- [Task details]: Within the entries below, find the portion that opens with the line containing "Z-Lite 2 Light" and closes with the line containing "Trend Zircon Devil's". Retype that portion exactly and only.

- [Material shown]:
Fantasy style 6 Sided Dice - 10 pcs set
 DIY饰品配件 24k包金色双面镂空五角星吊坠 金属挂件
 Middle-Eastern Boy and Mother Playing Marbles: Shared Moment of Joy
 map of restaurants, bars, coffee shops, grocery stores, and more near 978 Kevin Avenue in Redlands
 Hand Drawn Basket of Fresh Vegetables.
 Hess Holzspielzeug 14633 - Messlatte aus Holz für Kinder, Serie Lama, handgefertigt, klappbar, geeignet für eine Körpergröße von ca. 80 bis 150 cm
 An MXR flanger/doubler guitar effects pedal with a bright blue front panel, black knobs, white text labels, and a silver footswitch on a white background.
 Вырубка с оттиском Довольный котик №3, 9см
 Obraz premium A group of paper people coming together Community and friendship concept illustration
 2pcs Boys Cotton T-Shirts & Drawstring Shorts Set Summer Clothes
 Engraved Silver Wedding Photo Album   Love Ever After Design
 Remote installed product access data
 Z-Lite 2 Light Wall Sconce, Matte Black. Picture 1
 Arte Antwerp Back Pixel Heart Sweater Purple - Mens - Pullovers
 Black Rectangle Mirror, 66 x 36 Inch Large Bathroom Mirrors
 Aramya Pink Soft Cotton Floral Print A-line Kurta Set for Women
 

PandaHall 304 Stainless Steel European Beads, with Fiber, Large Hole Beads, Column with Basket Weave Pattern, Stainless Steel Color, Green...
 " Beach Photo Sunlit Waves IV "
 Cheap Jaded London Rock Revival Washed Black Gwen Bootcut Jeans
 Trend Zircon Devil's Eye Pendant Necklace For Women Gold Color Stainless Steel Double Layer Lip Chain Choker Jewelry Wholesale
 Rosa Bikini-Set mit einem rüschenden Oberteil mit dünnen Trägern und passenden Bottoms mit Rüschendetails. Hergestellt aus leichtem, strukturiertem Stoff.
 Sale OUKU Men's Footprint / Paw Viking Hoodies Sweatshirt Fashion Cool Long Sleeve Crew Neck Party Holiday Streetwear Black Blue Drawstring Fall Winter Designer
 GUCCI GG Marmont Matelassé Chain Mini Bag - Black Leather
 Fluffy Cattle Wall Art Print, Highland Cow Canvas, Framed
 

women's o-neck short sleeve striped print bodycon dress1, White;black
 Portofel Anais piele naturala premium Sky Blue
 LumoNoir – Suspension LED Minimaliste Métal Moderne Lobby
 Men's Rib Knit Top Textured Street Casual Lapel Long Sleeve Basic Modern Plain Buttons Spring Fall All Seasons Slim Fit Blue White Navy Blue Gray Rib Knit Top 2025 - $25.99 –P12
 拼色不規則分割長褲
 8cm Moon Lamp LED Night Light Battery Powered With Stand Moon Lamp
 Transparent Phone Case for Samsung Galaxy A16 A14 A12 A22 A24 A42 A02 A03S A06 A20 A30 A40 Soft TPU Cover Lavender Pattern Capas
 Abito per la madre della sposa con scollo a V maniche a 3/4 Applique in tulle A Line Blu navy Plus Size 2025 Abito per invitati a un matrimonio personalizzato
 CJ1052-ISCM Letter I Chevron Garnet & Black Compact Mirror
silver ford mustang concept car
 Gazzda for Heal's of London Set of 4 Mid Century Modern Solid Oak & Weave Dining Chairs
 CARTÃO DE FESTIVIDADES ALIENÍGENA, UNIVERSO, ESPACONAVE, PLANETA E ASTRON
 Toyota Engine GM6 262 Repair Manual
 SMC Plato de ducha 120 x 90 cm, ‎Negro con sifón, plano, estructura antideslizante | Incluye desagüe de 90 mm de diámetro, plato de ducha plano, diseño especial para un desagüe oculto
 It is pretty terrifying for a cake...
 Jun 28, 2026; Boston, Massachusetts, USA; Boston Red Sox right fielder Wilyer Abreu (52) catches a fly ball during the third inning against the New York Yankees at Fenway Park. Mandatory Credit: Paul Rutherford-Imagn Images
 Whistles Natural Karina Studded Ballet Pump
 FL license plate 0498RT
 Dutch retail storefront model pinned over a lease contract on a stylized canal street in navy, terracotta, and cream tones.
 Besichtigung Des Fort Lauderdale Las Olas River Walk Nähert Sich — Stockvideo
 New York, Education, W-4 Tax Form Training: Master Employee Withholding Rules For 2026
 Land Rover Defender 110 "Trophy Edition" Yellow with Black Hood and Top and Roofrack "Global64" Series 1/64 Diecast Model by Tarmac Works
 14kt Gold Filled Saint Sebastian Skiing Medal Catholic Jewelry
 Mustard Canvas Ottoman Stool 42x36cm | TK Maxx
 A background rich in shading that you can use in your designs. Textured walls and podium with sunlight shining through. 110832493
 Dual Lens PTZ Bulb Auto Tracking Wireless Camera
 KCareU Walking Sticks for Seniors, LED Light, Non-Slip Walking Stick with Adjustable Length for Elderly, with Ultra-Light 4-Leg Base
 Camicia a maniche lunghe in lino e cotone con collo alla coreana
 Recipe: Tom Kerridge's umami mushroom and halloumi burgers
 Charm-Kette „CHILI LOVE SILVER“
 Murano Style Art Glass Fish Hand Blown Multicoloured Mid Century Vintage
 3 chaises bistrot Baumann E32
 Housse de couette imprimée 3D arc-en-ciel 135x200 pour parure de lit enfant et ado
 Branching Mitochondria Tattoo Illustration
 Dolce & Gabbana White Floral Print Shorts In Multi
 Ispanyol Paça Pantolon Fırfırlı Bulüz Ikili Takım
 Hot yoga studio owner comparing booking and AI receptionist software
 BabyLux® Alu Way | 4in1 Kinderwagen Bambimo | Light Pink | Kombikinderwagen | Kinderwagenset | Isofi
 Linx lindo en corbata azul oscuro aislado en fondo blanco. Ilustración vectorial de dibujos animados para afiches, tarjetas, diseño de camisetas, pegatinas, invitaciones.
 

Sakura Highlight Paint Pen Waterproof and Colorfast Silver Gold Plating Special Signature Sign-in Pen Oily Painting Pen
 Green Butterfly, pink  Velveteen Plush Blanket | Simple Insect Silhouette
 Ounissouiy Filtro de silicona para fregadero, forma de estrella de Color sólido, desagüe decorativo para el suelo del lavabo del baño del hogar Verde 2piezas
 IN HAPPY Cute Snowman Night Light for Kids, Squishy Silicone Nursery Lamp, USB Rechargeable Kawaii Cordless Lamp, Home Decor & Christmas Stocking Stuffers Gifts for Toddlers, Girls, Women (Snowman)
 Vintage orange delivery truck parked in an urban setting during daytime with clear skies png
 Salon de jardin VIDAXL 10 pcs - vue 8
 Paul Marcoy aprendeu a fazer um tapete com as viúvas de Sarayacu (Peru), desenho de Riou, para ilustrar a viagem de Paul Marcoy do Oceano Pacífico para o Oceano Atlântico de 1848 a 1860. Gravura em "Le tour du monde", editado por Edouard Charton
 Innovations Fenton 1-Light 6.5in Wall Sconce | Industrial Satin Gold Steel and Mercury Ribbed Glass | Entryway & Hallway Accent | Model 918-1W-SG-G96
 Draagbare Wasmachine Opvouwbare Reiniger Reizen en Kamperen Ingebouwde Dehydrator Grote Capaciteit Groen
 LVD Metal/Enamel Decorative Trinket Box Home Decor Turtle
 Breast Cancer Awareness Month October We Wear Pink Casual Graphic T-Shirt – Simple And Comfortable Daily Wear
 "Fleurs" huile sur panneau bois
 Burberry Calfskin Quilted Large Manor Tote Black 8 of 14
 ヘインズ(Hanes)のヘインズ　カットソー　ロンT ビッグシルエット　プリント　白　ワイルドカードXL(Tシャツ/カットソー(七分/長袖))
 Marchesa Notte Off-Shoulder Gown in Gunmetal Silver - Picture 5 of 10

- [Expected output]:
 Z-Lite 2 Light Wall Sconce, Matte Black. Picture 1
 Arte Antwerp Back Pixel Heart Sweater Purple - Mens - Pullovers
 Black Rectangle Mirror, 66 x 36 Inch Large Bathroom Mirrors
 Aramya Pink Soft Cotton Floral Print A-line Kurta Set for Women
 

PandaHall 304 Stainless Steel European Beads, with Fiber, Large Hole Beads, Column with Basket Weave Pattern, Stainless Steel Color, Green...
 " Beach Photo Sunlit Waves IV "
 Cheap Jaded London Rock Revival Washed Black Gwen Bootcut Jeans
 Trend Zircon Devil's Eye Pendant Necklace For Women Gold Color Stainless Steel Double Layer Lip Chain Choker Jewelry Wholesale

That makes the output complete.